Nos primeiros anos, à frente do governo, o primeiro-ministro aumentou os benefícios para idosos e deficientes, financiou os cuidados pré-natais e criou 700 campos de férias para as crianças. Por outro lado acabou com os júris nos tribunal fazendo com que o sistema judicial ficasse mais dócil, aboliu os partidos políticos, eliminou a liberdade de imprensa, proibiu os sindicatos e as greves, assumiu o controlo da policia e passou a nomear os responsáveis municipais.
Mussolini não acabou com a monarquia mas chamou a ele próprio a competência de escolher o sucessor do rei. Para evitar a oposição do Vaticano decidiu fechar bordeis, aumentou o salário dos padres mas também exigiu passar a nomear todos os bispos.
Tentando cumprir a promessa de recuperar a grandeza de Itália, mas também para manter a população mobilizada, invadiu a Etiópia, o ultimo reino independente de África, e atacou a Albânia tornando o país num protetorado italiano. Para conseguir as verbas necessárias para estas aventuras mobilizou a sociedade, por exemplo as mulheres foram "convidadas" a doar as alianças de casamento para serem transformadas em ouro e vendidas.

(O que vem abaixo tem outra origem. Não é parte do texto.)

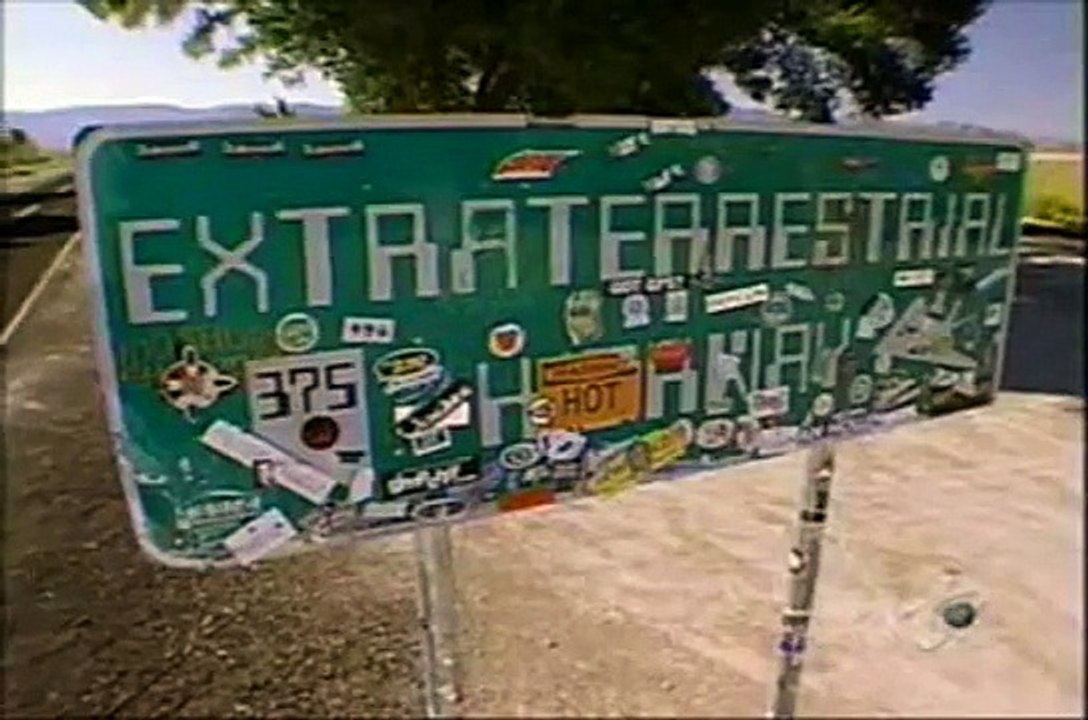 ABOVE TOP SECRET - Real UFO Alien Encounters - US SHADOW GOVERNMENT + CFR MEDIA LIE - Pt 2 of 5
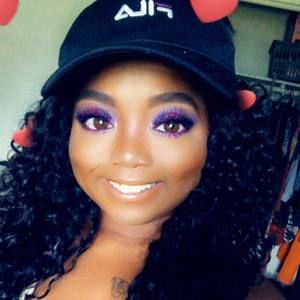 Meet your Posher, Marilyn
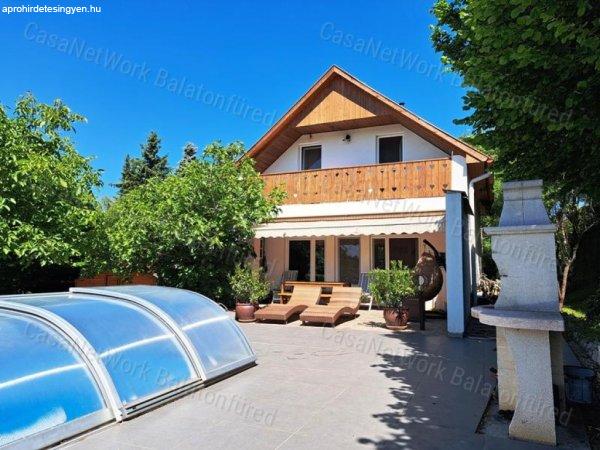 A nyugalom szigete-eladó tájpanorámás, erdő közeli ÜDÜLŐ TIHANYBAN -
Tihany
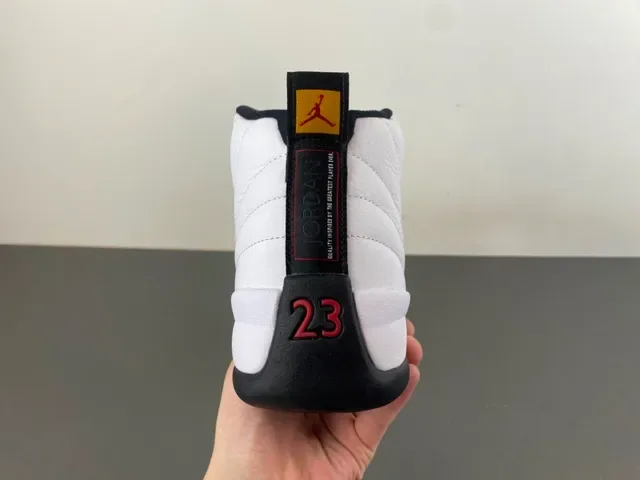 Air Jordan 12 Branco Preto Dourado Tênis de Basquete 4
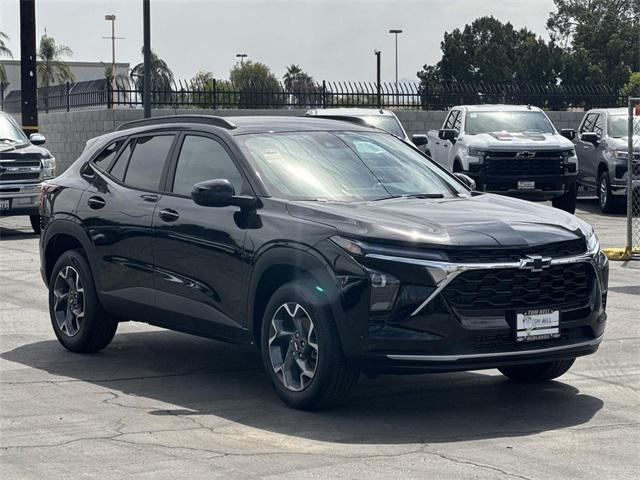 new 2025 Chevrolet Trax car, priced at $23,988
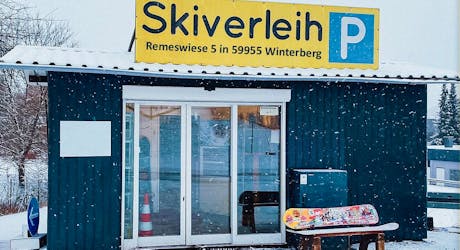 Das Geschäft des Skiverleih Liftstation Winterberg - Remmeswiese vom außen.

Antes da Segunda Guerra Mundial, o apoio popular ao estado fascista era bastante grande. O estilo carismático com que Mussolini assumia a liderança convenceu muitos de que o país estava de regresso à glória. Quando a Grande Depressão atingiu a Itália, Il Duce agiu rápida e ousadamente com um programa de projetos de construção pública, que permitiu dar trabalho a muitos desempregados. Durante toda a governação, no entanto, o governo fascista não conseguiu recuperar a economia do país.
O líder italiano inspirou outros a tentarem adotar formas próprias de fascismo. Hitler, na Alemanha, Franco, em Espanha e Salazar, em Portugal, são exemplo disso.
Os especialistas tendem a discordar quanto à definição precisa do fascismo, mas concordam que há algumas características a que tem de obedecer: a oposição violenta a todas as formas de marxismo, a oposição à democracia parlamentar, a oposição ao liberalismo cultural e económico, as ambições totalitárias, o nacionalismo extremo, as ambições imperialistas, o militarismo, a subordinação do indivíduo à vontade da nação, a mobilização em massa da população, a crença num líder forte com poder absoluto, a educação para a obediência inquestionável, desencorajamento do pensamento crítico, o uso da violência para repressão política, a demonização de alguns grupos sociais, o populismo, o sexismo e a misoginia.